------ Data supplied

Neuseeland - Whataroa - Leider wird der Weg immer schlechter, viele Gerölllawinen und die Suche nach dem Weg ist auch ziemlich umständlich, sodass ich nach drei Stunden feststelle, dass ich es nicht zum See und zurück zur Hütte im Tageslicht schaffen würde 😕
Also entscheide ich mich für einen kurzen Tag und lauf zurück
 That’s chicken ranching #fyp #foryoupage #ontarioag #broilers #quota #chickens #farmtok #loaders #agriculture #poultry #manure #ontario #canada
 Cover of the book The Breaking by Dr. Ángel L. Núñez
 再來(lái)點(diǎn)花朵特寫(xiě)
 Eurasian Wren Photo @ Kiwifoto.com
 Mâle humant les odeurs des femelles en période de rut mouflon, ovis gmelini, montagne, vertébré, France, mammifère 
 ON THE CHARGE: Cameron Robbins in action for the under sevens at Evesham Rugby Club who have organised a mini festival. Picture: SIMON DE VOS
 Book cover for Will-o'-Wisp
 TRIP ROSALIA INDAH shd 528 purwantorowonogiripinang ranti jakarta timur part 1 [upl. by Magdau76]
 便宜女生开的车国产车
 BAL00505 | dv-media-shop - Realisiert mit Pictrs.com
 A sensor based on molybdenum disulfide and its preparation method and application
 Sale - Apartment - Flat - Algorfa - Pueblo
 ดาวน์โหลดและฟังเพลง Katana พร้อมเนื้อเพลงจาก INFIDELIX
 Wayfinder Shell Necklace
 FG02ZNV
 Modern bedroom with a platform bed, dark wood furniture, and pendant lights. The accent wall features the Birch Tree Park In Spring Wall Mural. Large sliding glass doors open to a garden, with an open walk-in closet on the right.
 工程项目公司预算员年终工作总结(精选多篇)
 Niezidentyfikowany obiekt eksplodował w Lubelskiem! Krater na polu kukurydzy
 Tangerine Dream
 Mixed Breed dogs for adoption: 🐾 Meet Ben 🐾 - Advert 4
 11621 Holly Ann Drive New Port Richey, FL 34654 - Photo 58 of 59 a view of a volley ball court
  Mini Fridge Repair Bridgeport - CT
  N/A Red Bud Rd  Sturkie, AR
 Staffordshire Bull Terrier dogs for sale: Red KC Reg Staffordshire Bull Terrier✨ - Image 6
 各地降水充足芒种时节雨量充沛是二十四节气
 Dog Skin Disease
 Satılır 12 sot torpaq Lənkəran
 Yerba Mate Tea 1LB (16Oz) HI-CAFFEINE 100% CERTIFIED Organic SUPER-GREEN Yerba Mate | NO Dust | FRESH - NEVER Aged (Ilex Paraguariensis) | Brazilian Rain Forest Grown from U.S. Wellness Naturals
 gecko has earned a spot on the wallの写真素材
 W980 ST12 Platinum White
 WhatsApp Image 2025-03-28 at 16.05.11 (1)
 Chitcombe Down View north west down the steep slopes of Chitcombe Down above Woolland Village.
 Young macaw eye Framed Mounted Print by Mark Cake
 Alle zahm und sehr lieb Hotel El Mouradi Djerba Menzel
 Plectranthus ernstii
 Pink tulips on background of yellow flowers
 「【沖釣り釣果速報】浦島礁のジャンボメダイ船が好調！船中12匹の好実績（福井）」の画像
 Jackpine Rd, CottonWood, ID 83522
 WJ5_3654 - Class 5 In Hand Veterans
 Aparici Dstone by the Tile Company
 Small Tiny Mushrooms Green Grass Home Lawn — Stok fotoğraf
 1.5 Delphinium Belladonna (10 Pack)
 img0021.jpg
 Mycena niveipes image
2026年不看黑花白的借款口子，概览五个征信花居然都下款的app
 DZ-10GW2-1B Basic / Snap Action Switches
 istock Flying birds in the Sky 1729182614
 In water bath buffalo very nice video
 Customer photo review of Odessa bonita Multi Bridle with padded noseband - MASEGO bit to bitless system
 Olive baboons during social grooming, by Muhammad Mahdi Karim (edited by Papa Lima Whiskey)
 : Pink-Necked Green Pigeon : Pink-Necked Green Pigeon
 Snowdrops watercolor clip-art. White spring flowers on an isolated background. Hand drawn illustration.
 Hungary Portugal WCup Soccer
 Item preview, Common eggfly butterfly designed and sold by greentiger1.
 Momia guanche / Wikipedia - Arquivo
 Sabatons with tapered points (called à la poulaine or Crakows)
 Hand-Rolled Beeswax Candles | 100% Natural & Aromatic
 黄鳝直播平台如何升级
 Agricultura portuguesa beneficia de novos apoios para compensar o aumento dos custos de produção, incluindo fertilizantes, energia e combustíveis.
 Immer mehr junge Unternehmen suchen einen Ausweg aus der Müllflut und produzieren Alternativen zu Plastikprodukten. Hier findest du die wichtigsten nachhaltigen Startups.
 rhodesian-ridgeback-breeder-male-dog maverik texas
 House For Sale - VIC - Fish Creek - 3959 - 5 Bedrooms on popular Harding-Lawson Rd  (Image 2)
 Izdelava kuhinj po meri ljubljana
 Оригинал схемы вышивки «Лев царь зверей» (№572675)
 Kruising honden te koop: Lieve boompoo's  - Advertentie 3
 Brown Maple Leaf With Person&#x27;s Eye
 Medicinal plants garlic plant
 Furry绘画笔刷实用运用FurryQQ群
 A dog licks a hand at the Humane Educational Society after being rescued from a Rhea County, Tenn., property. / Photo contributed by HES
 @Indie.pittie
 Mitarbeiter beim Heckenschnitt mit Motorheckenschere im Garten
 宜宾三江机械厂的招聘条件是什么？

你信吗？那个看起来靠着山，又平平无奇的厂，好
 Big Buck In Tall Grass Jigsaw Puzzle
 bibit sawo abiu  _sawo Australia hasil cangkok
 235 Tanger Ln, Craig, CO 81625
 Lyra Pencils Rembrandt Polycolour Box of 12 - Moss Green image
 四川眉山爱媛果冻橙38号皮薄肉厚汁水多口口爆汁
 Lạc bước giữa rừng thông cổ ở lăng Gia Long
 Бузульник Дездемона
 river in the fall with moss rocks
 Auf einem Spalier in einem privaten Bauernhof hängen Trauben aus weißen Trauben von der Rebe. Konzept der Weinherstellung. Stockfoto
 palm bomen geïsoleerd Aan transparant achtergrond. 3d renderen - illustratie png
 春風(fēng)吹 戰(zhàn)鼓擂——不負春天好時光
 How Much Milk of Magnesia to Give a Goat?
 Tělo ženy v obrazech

------------

The problem:
Your answer should consist solely of the lines above from the line with "Brown Maple Leaf With Person&#x27;s Eye" to the line with "bibit sawo abiu", both included, reproduced exactly.

Written solution:
 Brown Maple Leaf With Person&#x27;s Eye
 Medicinal plants garlic plant
 Furry绘画笔刷实用运用FurryQQ群
 A dog licks a hand at the Humane Educational Society after being rescued from a Rhea County, Tenn., property. / Photo contributed by HES
 @Indie.pittie
 Mitarbeiter beim Heckenschnitt mit Motorheckenschere im Garten
 宜宾三江机械厂的招聘条件是什么？

你信吗？那个看起来靠着山，又平平无奇的厂，好
 Big Buck In Tall Grass Jigsaw Puzzle
 bibit sawo abiu  _sawo Australia hasil cangkok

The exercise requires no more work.